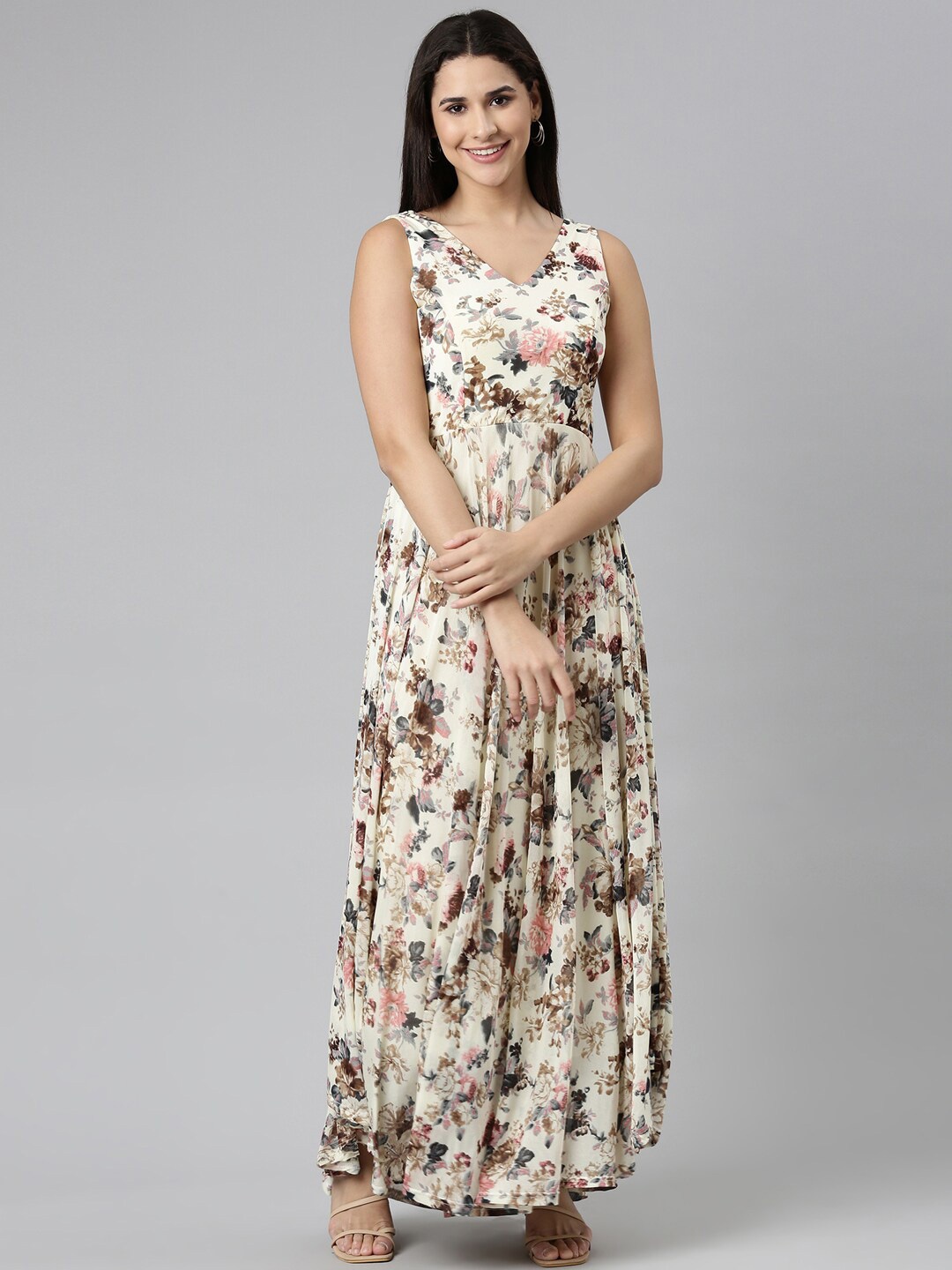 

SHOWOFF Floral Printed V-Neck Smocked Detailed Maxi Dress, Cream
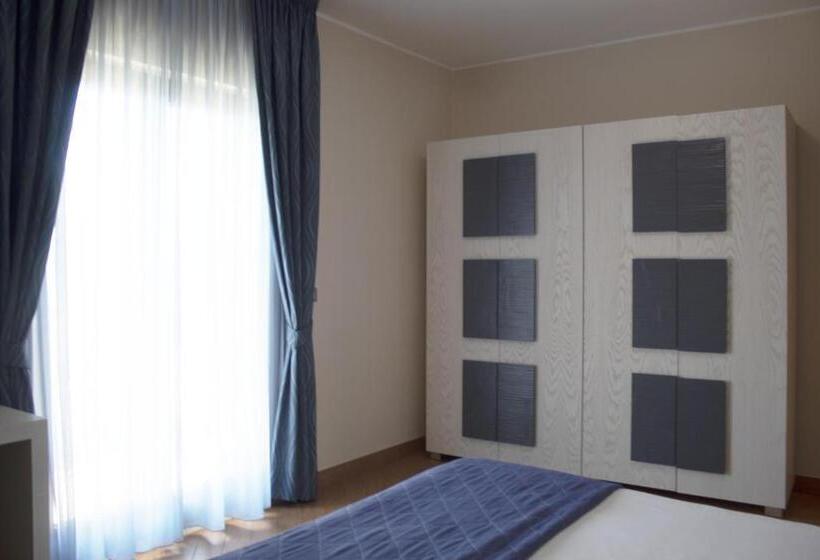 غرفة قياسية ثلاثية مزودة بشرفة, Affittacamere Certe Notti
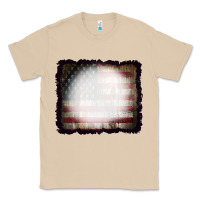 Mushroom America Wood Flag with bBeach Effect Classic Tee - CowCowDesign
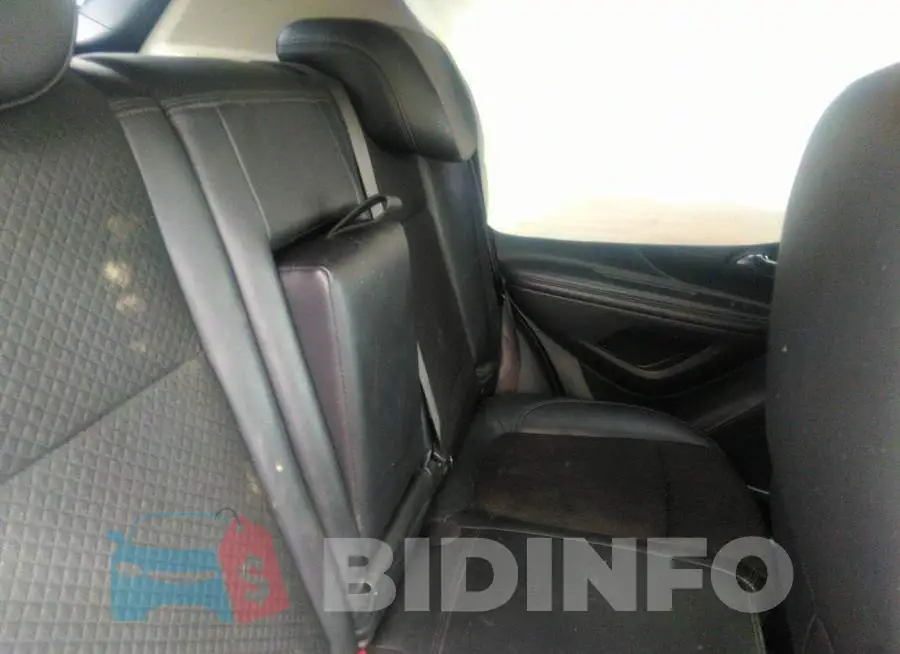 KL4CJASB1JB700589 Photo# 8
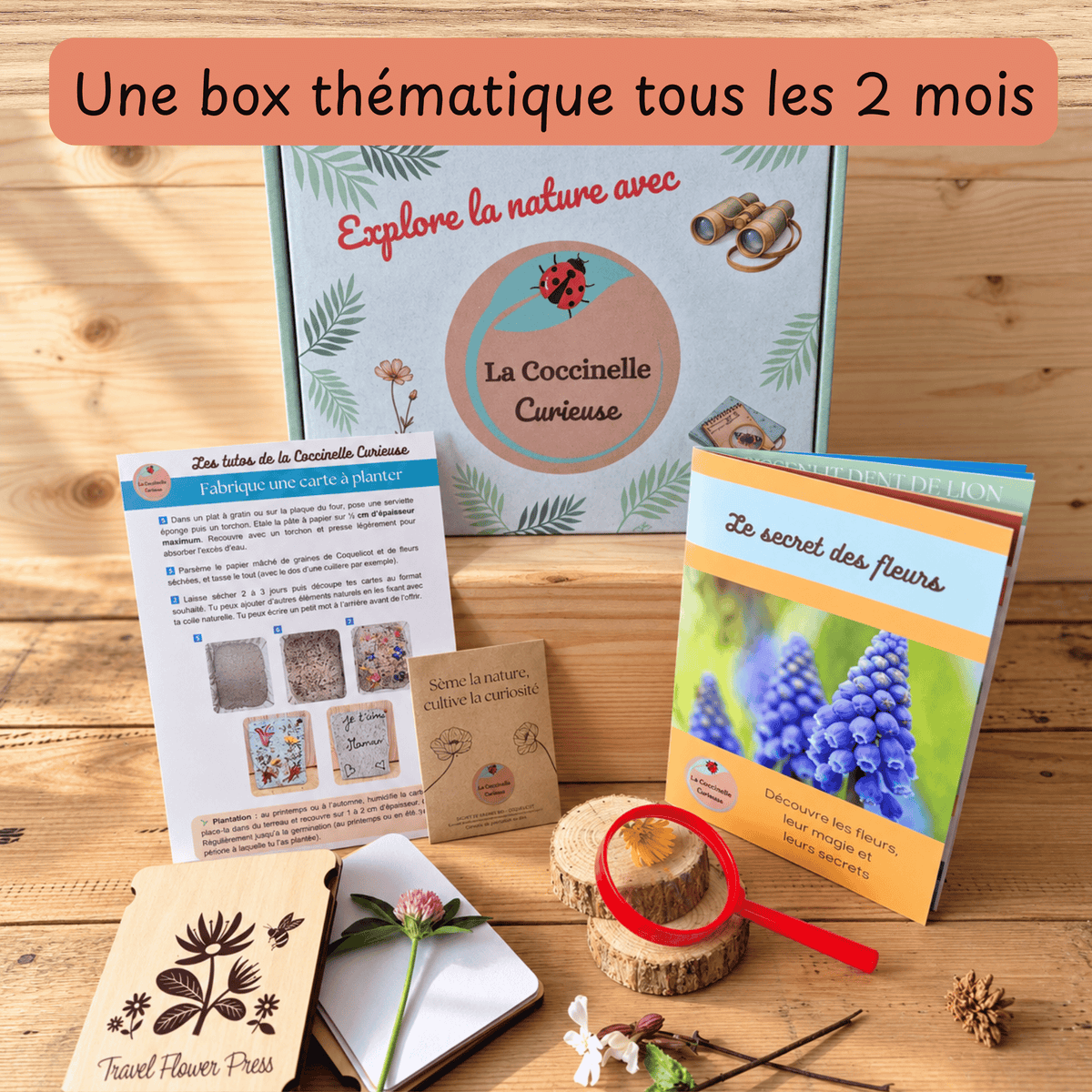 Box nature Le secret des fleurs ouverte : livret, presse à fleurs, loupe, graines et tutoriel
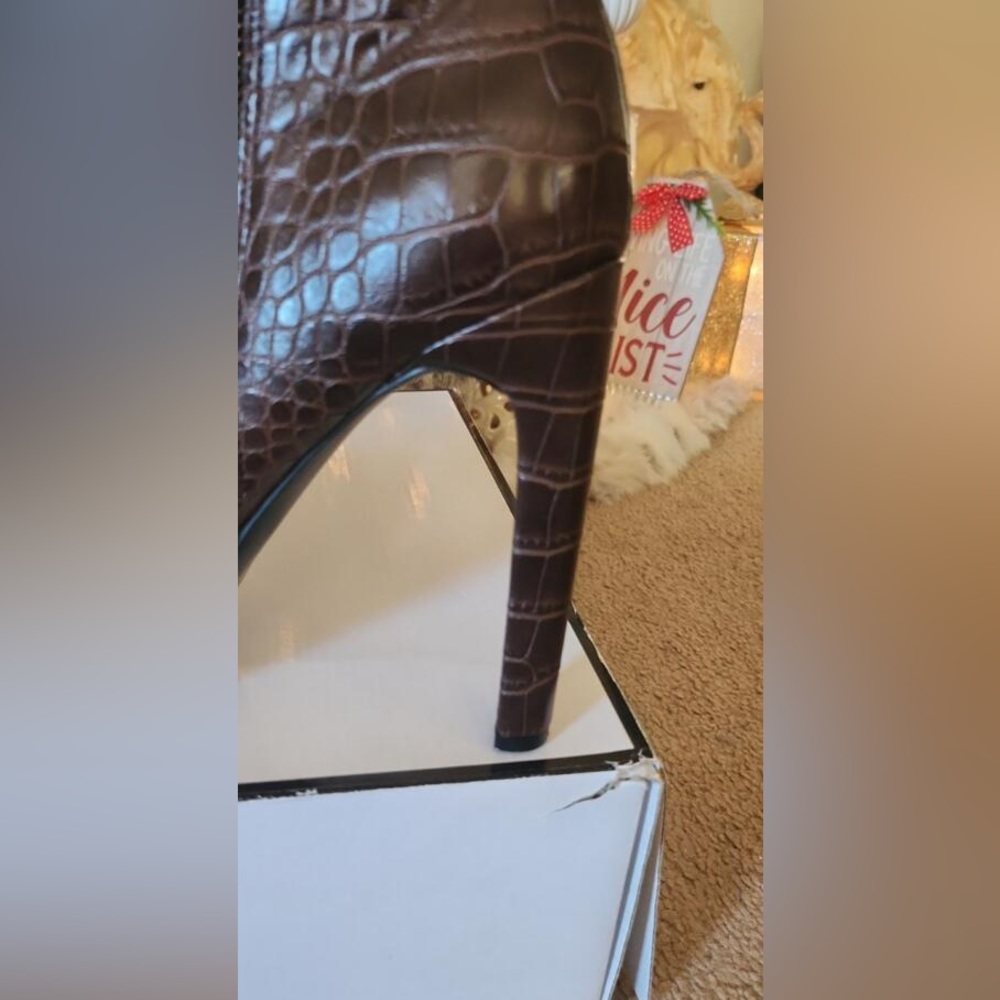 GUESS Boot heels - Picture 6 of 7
○ ○ ○ ○
> WHAT IS REQUIRED: Wording must stay exact. Give again the lines from the line with "Box nature Le" through the last line of the listing, both ends included, without pictures.

> SOLUTION TO THIS EXERCISE:
 Box nature Le secret des fleurs ouverte : livret, presse à fleurs, loupe, graines et tutoriel
 GUESS Boot heels - Picture 6 of 7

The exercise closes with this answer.